Not terrible but very uneven in the 6 or so chapters I read. Some interesting some gibberish.
One would have to be a hard core fan to shell out $16.99 for the book.
It seems like a bathroom book to me. Keep it on the tank, dip in at random while taking a dump. No disrespect intended. Just that it doesn't strike me as a book to read as anything other than a random bunch of loosely related observations.
I'd love to read it but not at that price.
John stop fascism vote republican Henry
He's not wrong about Ricky Nelson.
"...Mr. Jones."
(Sorry, I have stuck song syndrome.)
"Not terrible but very uneven in the 6 or so chapters I read. Some interesting some gibberish."
I recommend the audiobook, where key portions are read by Dylan. It has the feeling and rhythm of singing.
Other sections are written by famous actors — Steve Buscemi, etc.
The philosophy is whatever the listener infers. Take for instance the song by The Police "Every Breath You Take". Sting intended an anti-stalking song. Listeners interpreted a romantic lyric; the kind one fan played at his wedding.
We can't all have enough in common to see what's happening and interpret it the same way, be on the same page, if you will (Jan6, for example). Scott Adams calls it watching the same movie. It happens all the time and it's the source of much unnecessary trouble.
Here's a Spotify playlist of the songs in order, so I recommend playing each song as you go.
https://twitter.com/bob_notes/status/1074850015011635200
The performer in Mr Dylan always put out a show for any audience, but he also always held back something in one on one interraction. He kept you intrigued with what he was about to say…but never did. I loved that.
He suggests that the Who’s “My Generation” is sung from the perspective of an 80-year-old man in a nursing home
That's not correct. He starts out from the perspective of an insecure young man. Then he humorously changes it to the perspective of an old man. And he ties those two perspective together. That's what Dylan often does. He changes the perspective in the song by changing the protagonist or the propagandist's point of view.
"The philosophy is whatever the listener infers. Take for instance the song by The Police "Every Breath You Take". Sting intended an anti-stalking song."

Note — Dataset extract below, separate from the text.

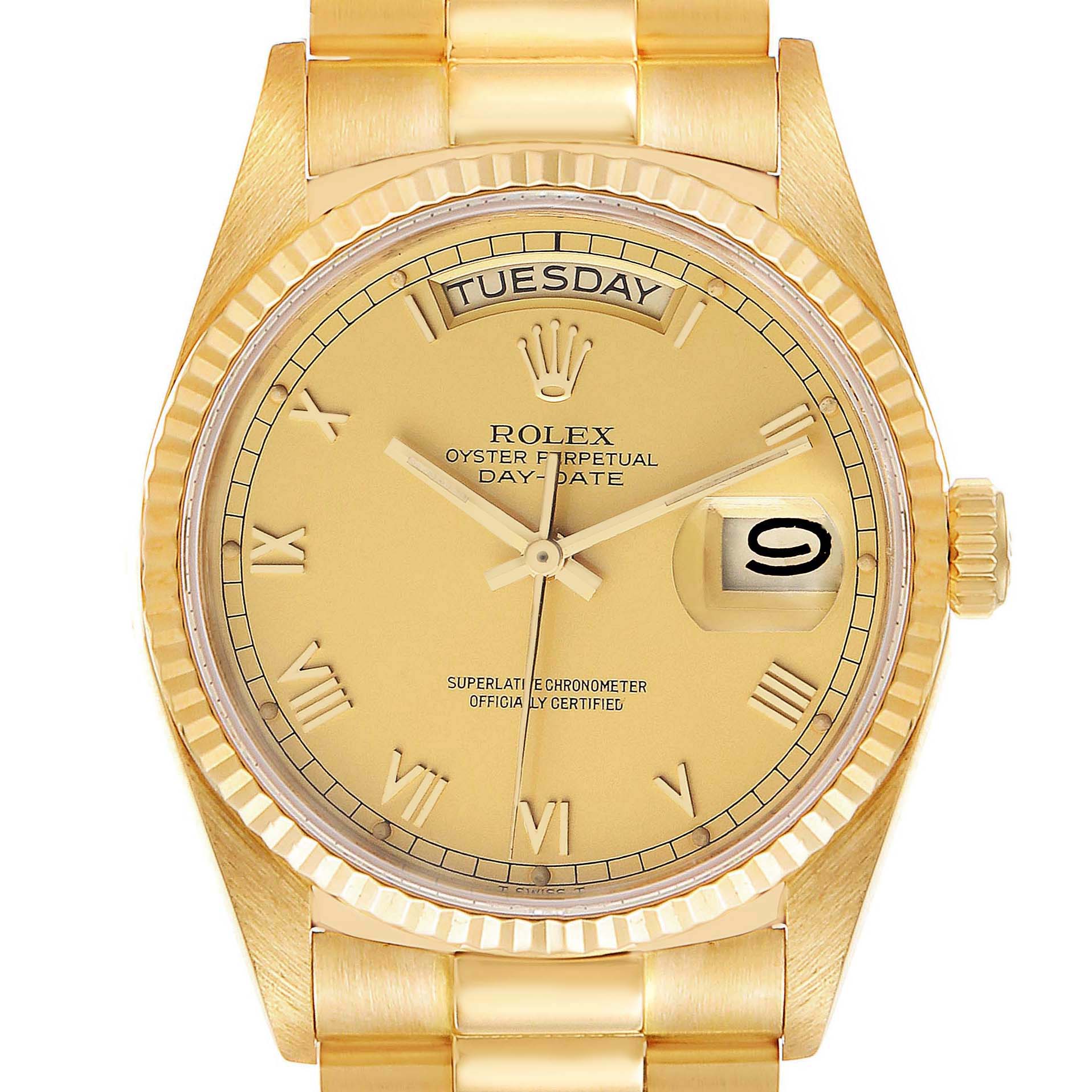 The image shows a frontal view of a Rolex President 18038 Men's Yellow Gold Champagne Dial 18038 Men's Yellow Gold Champagne Dial model watch, displaying its dial, hands, day window, and date window with a cyclops lens.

Dylan talks about "On the Street Where You Live" as a stalking song:
"Maybe that’s as close as you can get with somebody. Being on the street where they live. Maybe you’re thinking that anytime that person could appear, you are that close. Maybe you just wait all night and all day too. Maybe a cop car would come by and ask you what you’re doing there. If you tell him the truth, that you’re just waiting to see somebody, you’ll probably be arrested for stalking. Depends on who it is. You could be stalking somebody in the South Bronx—being on the street where they live. How long you are going to be waiting there is anybody’s guess."
There's _Debussy on Music_, a collection of his critical columns, in one of which is that Wagner is a beautiful sunset that has been taken for a sunrise.
"Take for instance the song by The Police "Every Breath You Take". Sting intended an anti-stalking song."
I don't think he intended it as an "anti-stalking" song, as such. This suggests Sting intended and hoped for the song to inspire people to gather together in some way and do something to stop stalking, (as if there's much, if anything, that can be done).
He wrote a song about a stalker, from the stalker's point of view.
You're right that some (many? most?) people completely misunderstood the song. Frightening and sad.
ha ha ha
I ran into a Garner the other day and (not kidding) almost called him "Get."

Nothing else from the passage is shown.